# Severe Tendonitis. Help!



## Esprit (Dec 17, 2011)

I have a sever case of Tendonitis on the inside of my left elbow. I had some soreness last Sunday night and woke up morning in extreme pain. It hasn't subsided at all. If I try to straighten out my arm the pain makes me sick to my stomach. It's constantly throbbing. I went to a walk in clinic yesterday and got the diagnosis. The doctor prescribed Naproxin which really isn't doing much for the pain. Has anyone on here had success in treating tendonitis with natural remedies? From what I've read some cases can go on for weeks or months. I have 8.25 acres of land that need tending to and can't so much as lift a shovel without being in extreme pain!
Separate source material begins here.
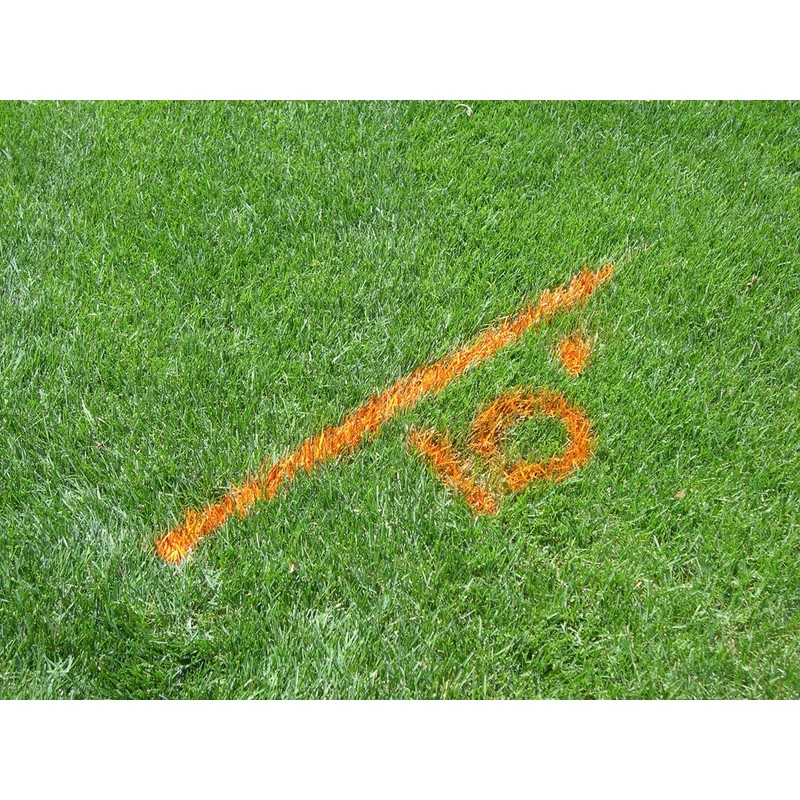 Rust-Oleum 206043 Industrial Choice AF1600 Athletic Field Inverted Striping Paint,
I was hoping this would be something that would heal in a few days! I appreciate any suggestions! 

Thanks
Todd


----------



## doingitmyself (Jul 30, 2013)

Ice it, immobilize it, massage the tendon heads and don't use it for a few days. Seriously, you can't be a tough guy with this thing it will eat you alive. It doesn't care about your yard/land it needs attention and its got yours now. If its not better after that you will need professional muscle therapy. This can be serious but nearly everyone can get relief with the above self administrations. Hope things work out for you.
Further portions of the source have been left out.